The ground of the defendants’ rejection was. that the burlap was inferior in quality to that previously furnished them by the plaintiff, and that the plaintiff had specifically agreed with one of the defendants’ employees by telephone to supply the same quality as on previous occasions, There is a square conflict in the evidence as to the express warranty, and it would perhaps be a fair deduction that nothing was said on the subject at the time of the making of the contract; but the defendants had a right to expect a grade of material, under this agreement, as high as the plaintiff had previously furnished them. That it did not supply this was shown by the uncontradicted testimony of several of the defendants’ witnesses. The plaintiff concedes that it never saw the burlap before it was sent to the defendants. It bought it after it had offered the defendants the second-hand burlap it had on hand; ” it went into the market and bought it “ on. receipt of the order.”

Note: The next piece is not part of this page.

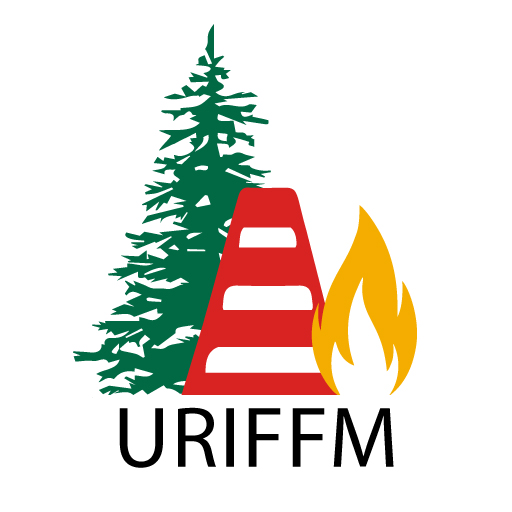 Вартовий лісу logo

When the burlap was returned to the plaintiff, it refused to receive it. The defendants’ driver thereupon unloaded the bales in front of the plaintiff’s place of business, where the plaintiff allowed it to remain until removed by the authorities as a nuisance. It was bound to use reasonable care to make the defendants’ loss in this action as light as possible, and it did not fulfill that duty. (Hamilton v. McPherson, 28 N. Y. 72; Milton v. Hudson River Steamboat Co., 37 id. 210; Johnson v. Meeker, 96 id. 93, 97.)

It is true that a correct decision will not be reversed on appeal because founded on a wrong' reason (Marvin v. Universal life Ins. *237Co., 85 N. Y. 278; Ward v. Hasbrouck, 169 id. 407, 420), and if the evidence fairly supported the trial court’s decision we should be compelled to affirm the judgment; but we believe from an examination of the record that an affirmance would work a clear injustice to the defendants, and that the judgment is against the weight of evidence and should be reversed.

Bartlett, Jenks and Hooker, JJ., concurred.